Once upon a time, I woke up before the sun with the express intent of doing responsible things all the day long. I showered and cleaned my room and spent time with God, and then ventured downstairs to eat a most grown-up breakfast of fried eggs with avocado while I waited for my laundry to dry. I finished up said laundry by 8 o’clock and left the house feeling entirely productive and generally good about the day.

Then there was traffic – a thing which I had entirely forgotten about until I sat still on the interstate for half an hour longer than anticipated. I did eventually reach the street where my coffeeshop is located and here found a new dilemma – parallel parking.

I can parallel park. My dad taught me how. I passed that portion of my driver’s test with flying colors. I’ve parallel parked before – beautifully, I might add, a parking job worthy of a gold star. Today? Today, I found a parking space that gave me plenty of space on either side so that I had room for error. I flipped on my turn signal, stopped when my steering wheel was aligned with the steering wheel of the car in front of my parking spot, and then, I realized a line of cars was waiting for me.
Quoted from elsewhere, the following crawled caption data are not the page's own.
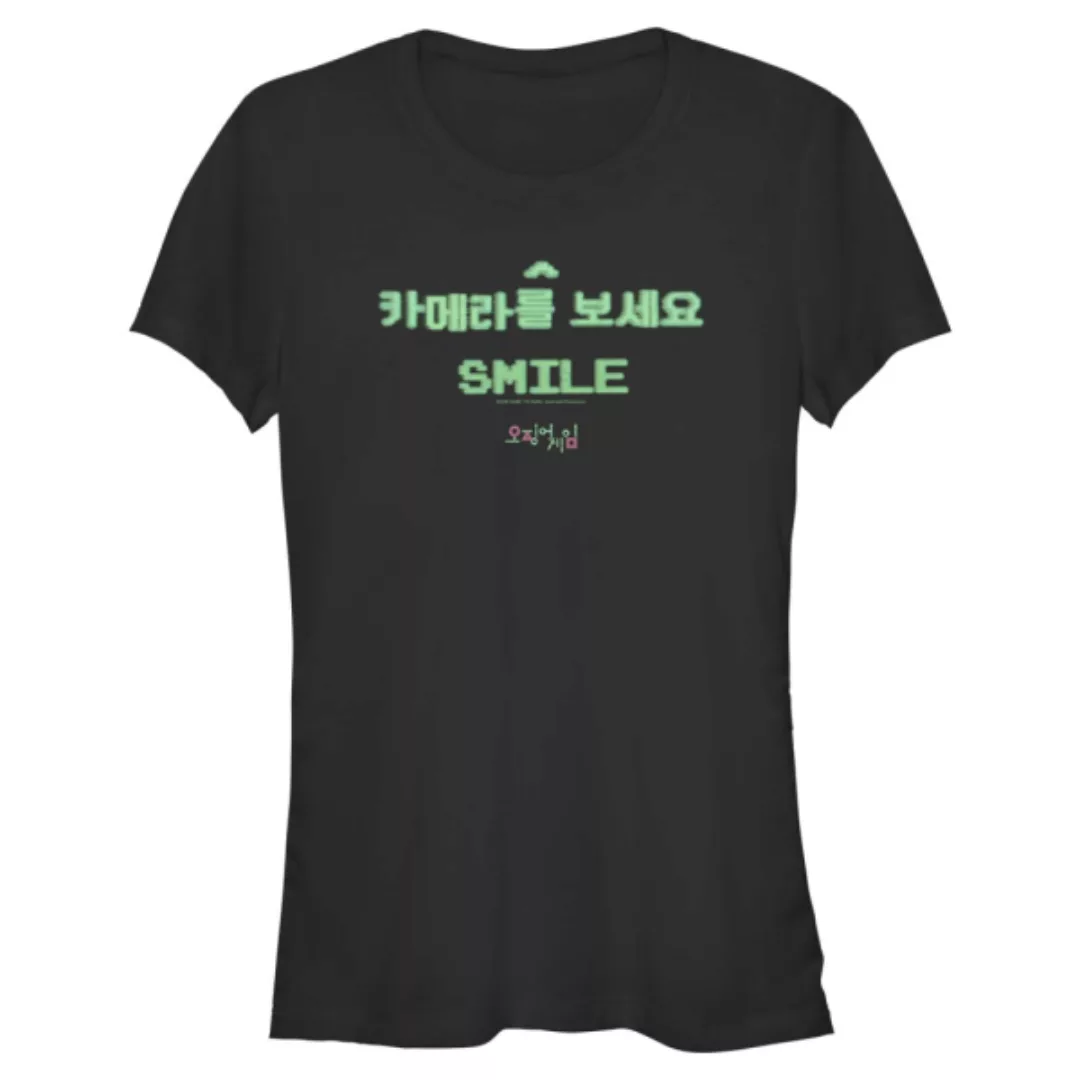 Netflix - Squid Game - Text Smiling Games - Frauen T-Shirt günstig online kaufen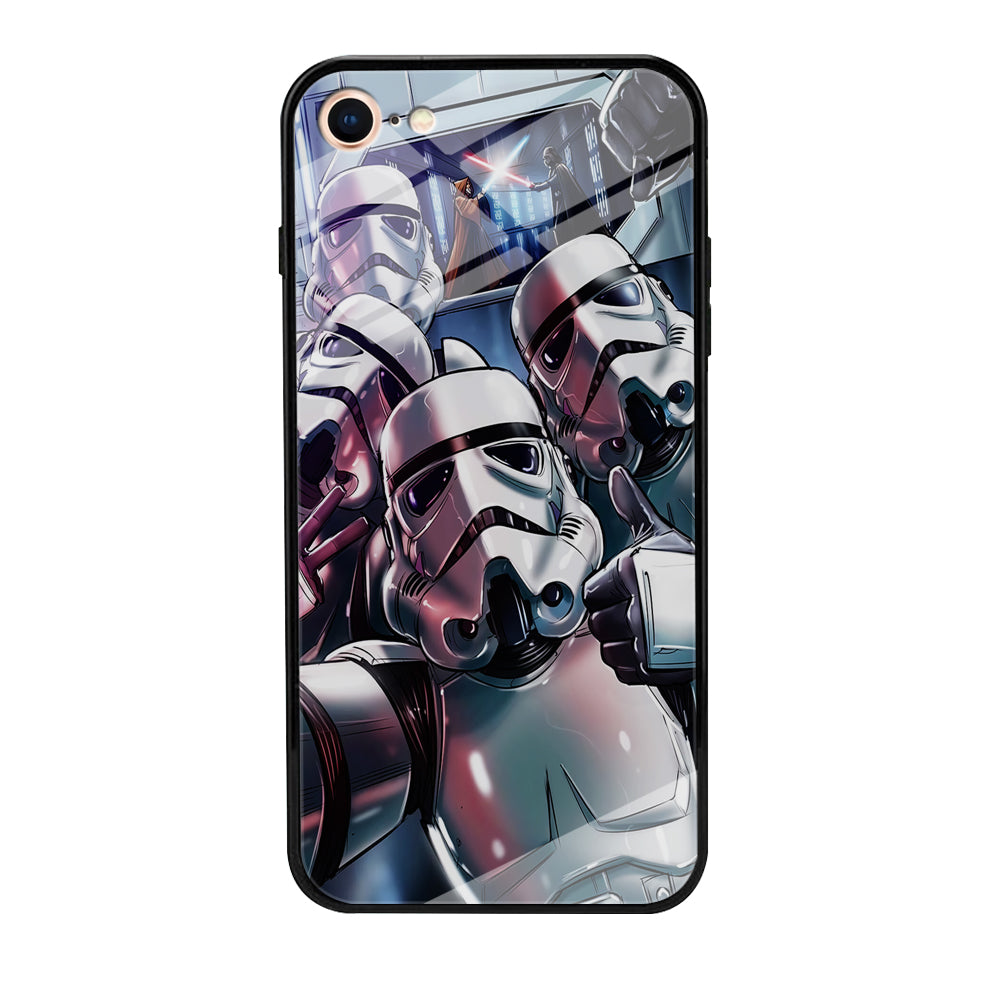 Star Wars Stormtrooper Selfie iPhone SE 3 2022 Case-Phone Case-Tempered Glass Case-Altracase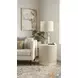Tulane White Round End Table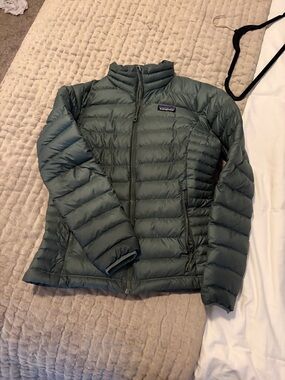Patagonia Women's Puffer Jacket in Sage Green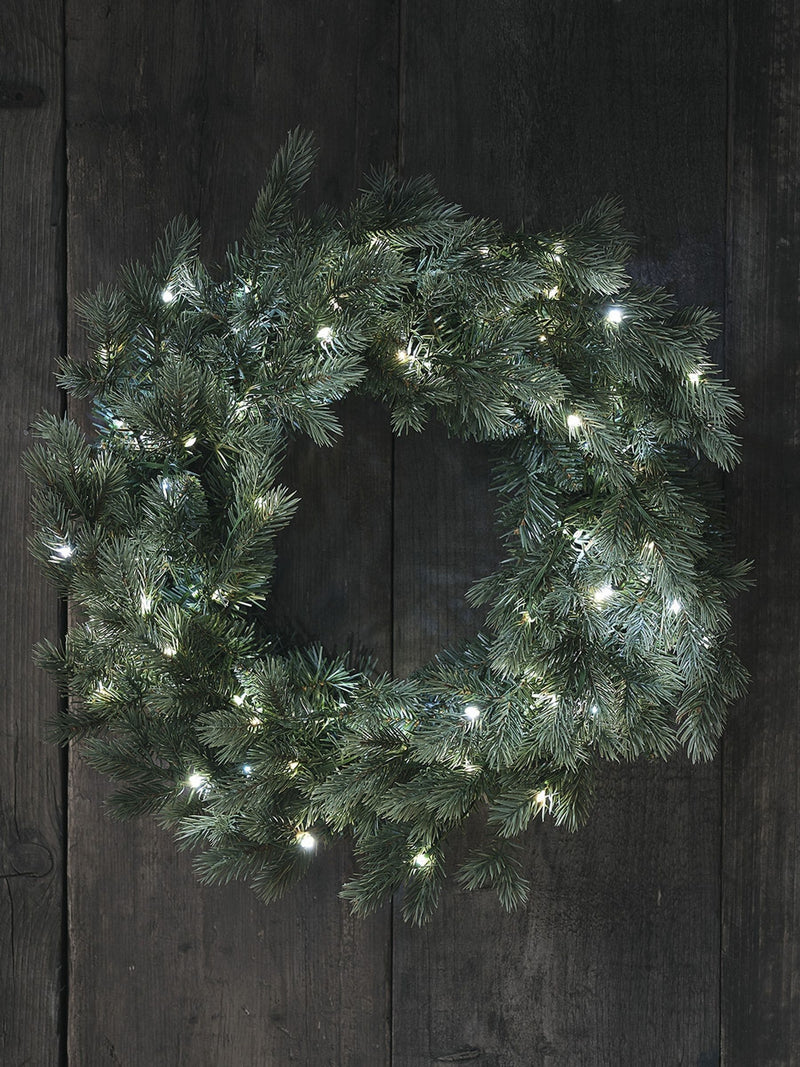 Lights4fun dual colour micro LED Christmas wreath 50cm (British brand)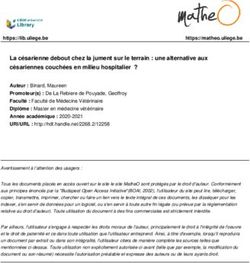 La césarienne debout chez la jument sur le terrain : une alternative aux césariennes couchées en milieu hospitalier ? - MatheO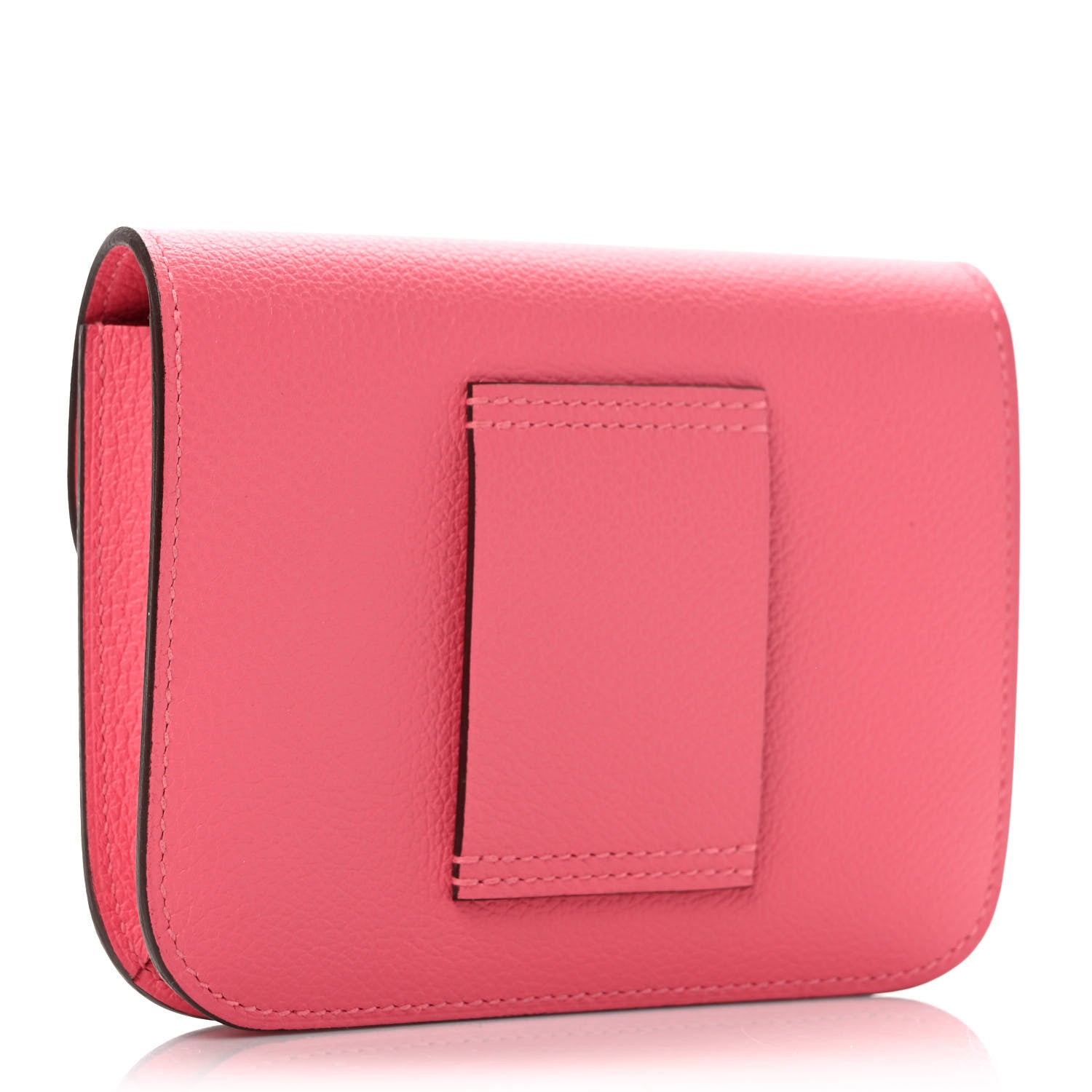 Hermes Evercolor Constance Slim Wallet Rose Lipstick 4 of 7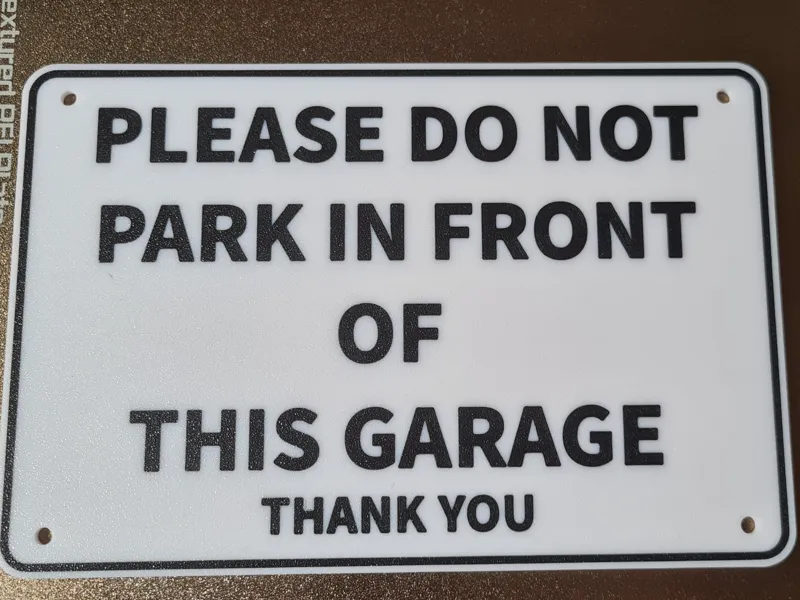 No Parking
I know this is okay – I know this is what happens when you parallel park, but I suddenly became aware of the fact that I was keeping all of those people from getting where they needed to be.

I could be the reason someone was late.

I felt like getting out of my car and personally apologizing to everyone. Of course, that would make them even more late, not to mention that it would be all around illogical. So, I just resolved to park as quickly and efficiently as I could. I slowly backed up, turned my wheel at just the right moment, and ran over the curb.

I then waited, with the back two feet of my car lodged on the sidewalk, watching, mortified, as dozens of cars glided past and I imagined everyone of them pointing and laughing. I’m pretty sure none of them even noticed,  the girl with her car on the sidewalk, or cared, for that matter, that she was there. My imaginings were vivid nonetheless.

The light up the street eventually turned red, the vehicles of mockery stopped, and I pulled out and re-parked my car. Twice.

This ordeal was followed by two rather uneventful and mostly productive hours at the coffeeshop. And from there, I went to Whole Foods, where I accidentally tried to buy the tester lotion.

I ended my morning with the carwash I’ve needed for a week. Dad told me about this carwashing-place… I guess it’s just called a carwash… near the house that does an excellent job for not a lot of money, so I stopped there.

Apparently, going to a car wash is an exercise in social skill. No one told me this.

I pulled up to the lot to find several little stations equipped with vacuums and other frightening looking tubes and spray bottles. I wanted something cheap. And generally, stations with frightening tubes do not translate to cheap. Unsure of what to do, I decided just to drive about 3 miles per hour around the lot until I found some clear direction. Then, fortune of fortunes, I saw the entrance to an automatic wash. Relief flooded as I drove up to the little box that takes your money, and dread flooded as I realized the box was taped off. Did this mean I had to face the expensive stations and their vacuums?

I backed up in dismay and was simply going to drive away with a dirty car, but just as I turned my wheel to leave, a worker jogged to my car. I felt increasingly awkward. First, because the poor guy had to jog to my car due to the fact that I do not know the rules of fancy car washes. Second, because it took him a ridiculous amount of time to jog to my car. He asked if I wanted a car wash. I was strongly tempted to say no and leave. Instead, I said I wanted something simple and cheap, he wrote something on a receipt, handed it to me, and directed me through the entrance I had tried to use before. “Just drive through,” he said, “then pull around, and you can pay inside while we dry it.” Sounded easy enough.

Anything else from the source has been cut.